We must also consider the more long-term threats to the environment, even when single-use PPE is disposed of correctly. Recent research from University College London warns of the potential environmental impact of single-use face masks, made from plastics. Whether properly disposed of or not, if every person in the UK used one single-use mask daily for one year, it would lead to an extra 66,000 tonnes of plastic waste being created.  This is on top of the 13 million tonnes of plastic that the UN estimates is dumped in our oceans each year.  The French non-profit organisation Opération Mer Propre (Operation Clean Sea), which frequently conducts clean-up operations in the Mediterranean, warned that litter in the streets is highly likely to end up in the sea eventually.  Marine pollution was already a major climate concern before the pandemic, so this surge in ocean waste is an unfortunate setback and has the potential to have catastrophic long-term effects. As the pandemic continues, it will take time for us to uncover the full impact of the plastic waste it leaves behind. 

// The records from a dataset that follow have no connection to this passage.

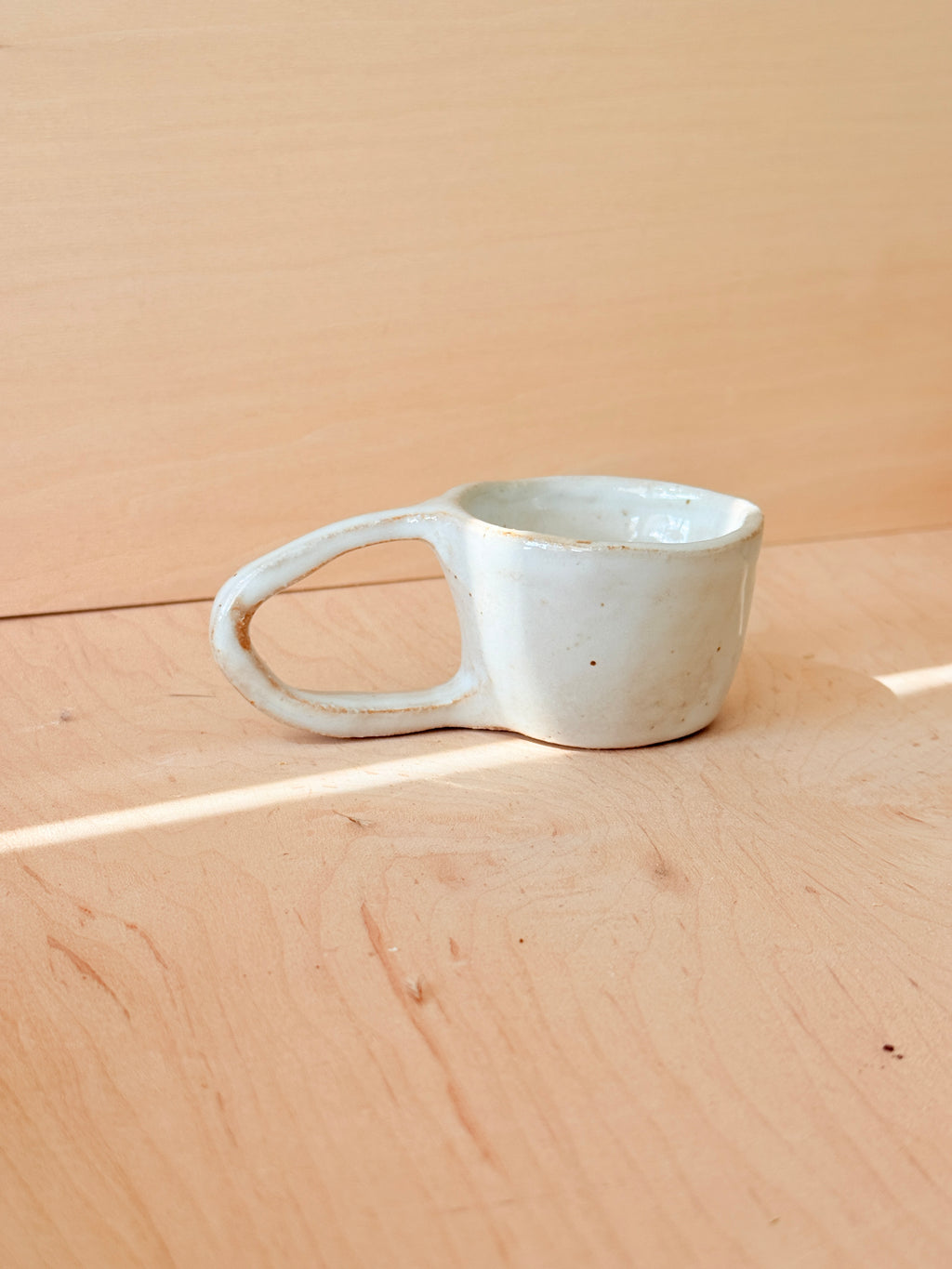 White Ceramic Espresso Cup — Handbuilt Stoneware with Long Loop Handle, 5.5 oz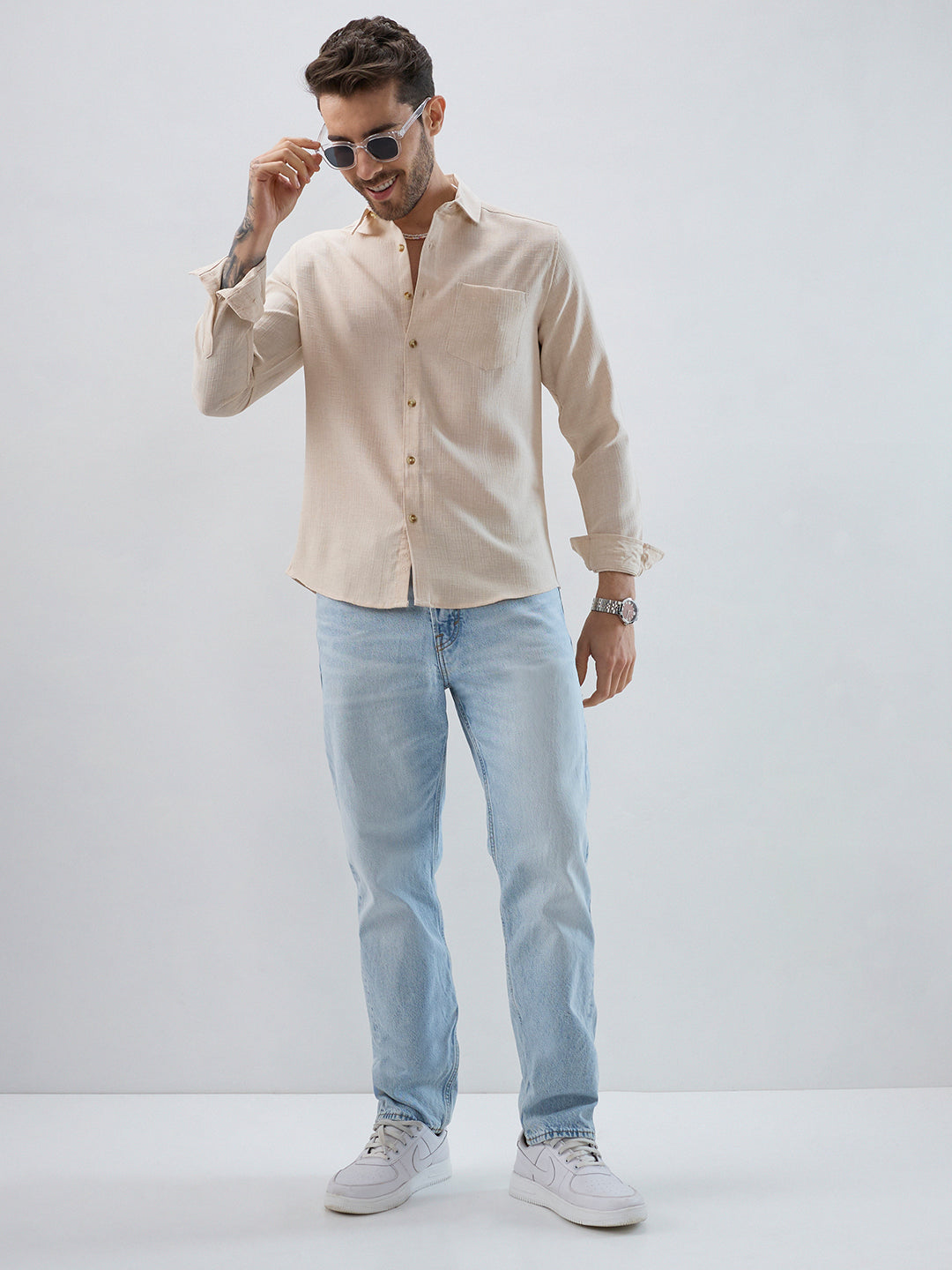 Elegant Cream Slub Textured Shirt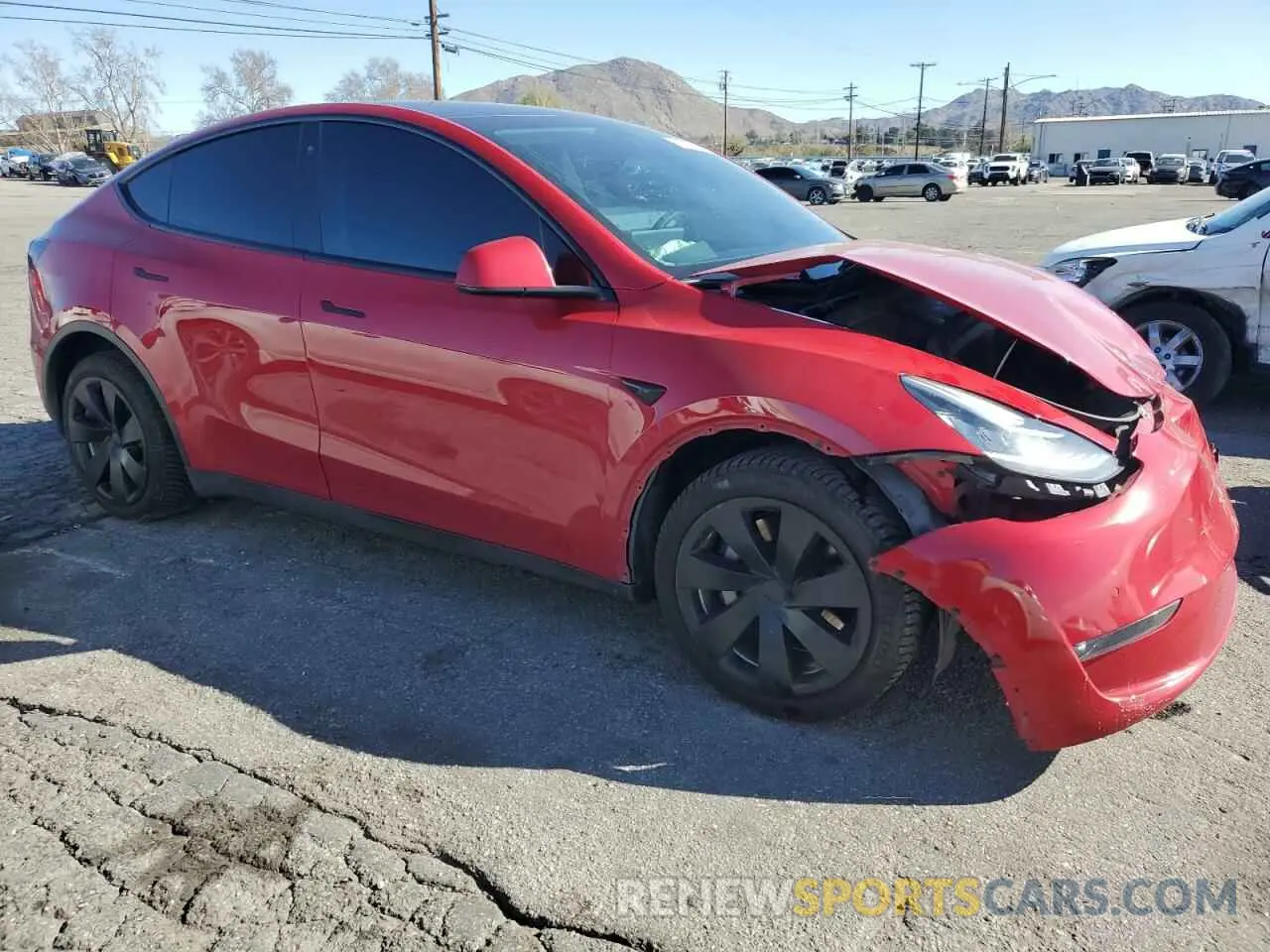 4 fotografías del automóvil dañado 7SAYGDEE2NF453364 TESLA MODEL Y 2022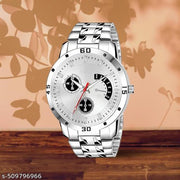Letest Trendy Luxe Silver  Dial Analog Watch , Sleek Metal Band, and Sub-Dials Watch For Men's & Kids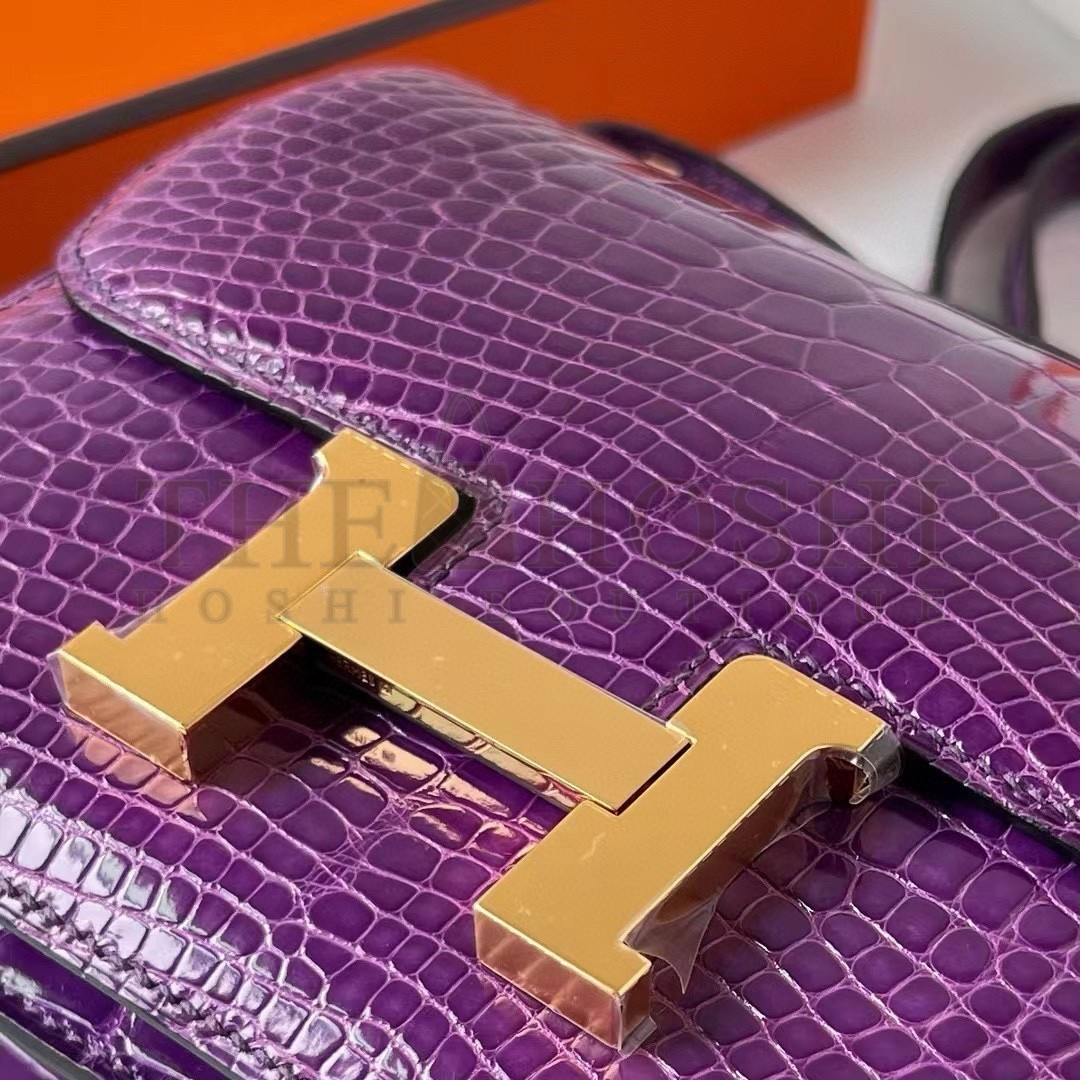 H**me5 Constance 18 Handmade Bag In Purple Shiny Alligator Leather Master Quality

Littering and plastic waste caused by PPE is a complex and multifaceted problem with the potential to have wide-reaching, long-term implications. This unfortunately also means the solution is just as complex, and there is no clear easy fix. With that said, raising public awareness and taking individual responsibility is key. It is recommended to buy fabric face coverings, which can be washed and reused, and as a result less likely to be disposed of unsafely. Fabric masks can also be made at home cheaply and easily, with plenty of instructions published online, such as this handy guide from the BBC. There is also an online guide from the UK government that offers easy-to-follow advice for PPE use and disposal, which includes a link to valuable resources from eco-charity Recycle Now. These are small steps we all can take to help slow the spread of the virus and to reduce the epidemic of littering it has brought with it.